The first thing you will notice is the unique LED headlamp surrounded by LED daytime running lights (DRL) and a simple LED tail-light at the rear. The bike gets a huge tank cover with a really comfortable-looking single-piece seat unit flowing towards the rear. The front end also gets a new scrambler-style front fender and sports fork gaiters. The handlebar is now higher and the foot-rests have been moved forward and also extended outwards.
As soon as I swung a leg over, I had to get familiar with this new riding position. Riders who use cruisers will appreciate the new seating position as it is very comfortable and the raised handlebar does not put any strain on the back even during long rides. The only thing I found unusual was the large tank that results into the rider’s legs getting splayed far out and it has no recesses to tuck the knees into. Surprisingly, even with this large tank cover, the capacity of the fuel tank is just 10 litres, which is three litres smaller than the standard FZ’s. The bike has a kerb weight of 139 kilograms, making it four kilos heavier than the FZ. However, this weight is hardly felt and the FZ-X is still a nimble machine to commute on.
The bike does retain the heart of the FZ models that we have always appreciated. This comes in the form of the BS6-compliant, 149-cc, single-cylinder, air-cooled, two-valve, SOHC engine that puts out 12.4 hp at 7,250 rpm and a peak torque of 13.3 Nm at 5,500 rpm. This engine has been around for quite a while but still does a great job of reliably assisting a rider in their daily commuting. The power delivery is linear through the rev-range and is complemented by a slick five-speed gearbox. The clutch action is very light and makes gear shifts effortless. Another new addition to the FZ-X is a newly designed exhaust that has quite a nice grunt to it when the bike is revved over 5,500 rpm. Very few vibrations are felt at the foot-pegs and handlebar at higher rpm and this goes to show just how smooth this engine really is.

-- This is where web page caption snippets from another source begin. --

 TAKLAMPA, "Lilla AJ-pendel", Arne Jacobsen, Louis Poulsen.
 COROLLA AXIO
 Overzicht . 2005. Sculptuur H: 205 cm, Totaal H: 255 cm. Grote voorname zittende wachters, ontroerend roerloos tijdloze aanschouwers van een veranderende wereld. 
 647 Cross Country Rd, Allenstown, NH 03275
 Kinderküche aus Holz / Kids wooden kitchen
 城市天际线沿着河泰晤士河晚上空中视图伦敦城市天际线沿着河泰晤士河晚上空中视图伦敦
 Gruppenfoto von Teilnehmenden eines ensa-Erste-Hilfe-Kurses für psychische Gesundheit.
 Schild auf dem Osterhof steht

Most of my time spent on this motorcycle was during the peak of the current rainy season. Thanks are due to the block-pattern tyres that provided high levels of grip in the worst riding conditions. Even with the single-channel ABS, there was no fear of the rear tyre slipping out unnecessarily upon braking. The suspension set-up on the FZ-X comprises a telescopic fork at the front and a monoshock unit at the rear. This is set on the softer side for the bike to offer some of those scrambling capabilities. Once flicked into a corner, the bike flows through it with ease, holds the line really well, and its nimble nature makes it fairly easy to control too.
Like the other FZ models, this one also gets a negative LCD screen. This new screen displays all the simple information but has a new layout and is larger than that on the older FZ models. Y-connect is a new Bluetooth connectivity feature that allows a rider to get SMS/e-mail, missed and incoming calls, and phone battery level notifications. It would have been nice to also see a turn-by-turn navigation feature incorporated into this as many competitors are offering this feature with their connectivity applications.
The FZ-X has been priced at Rs 1.17 lakh for the standard variant and Rs 1.20 lakh for the Bluetooth-connected variant (ex-showroom prices). At this price point, it proves to be a great motorcycle ticking all the boxes with regard to practicality, reliability, and comfort. The only reason that this motorcycle might not be a hot seller is because of the unique design language that the general public does not seem to appreciate. We would like to see one of the entry-level XSR models that have created so much hype being launched in our market in the future. Till then, we are excited about the upcoming R15 V4 that has recently been spotted testing.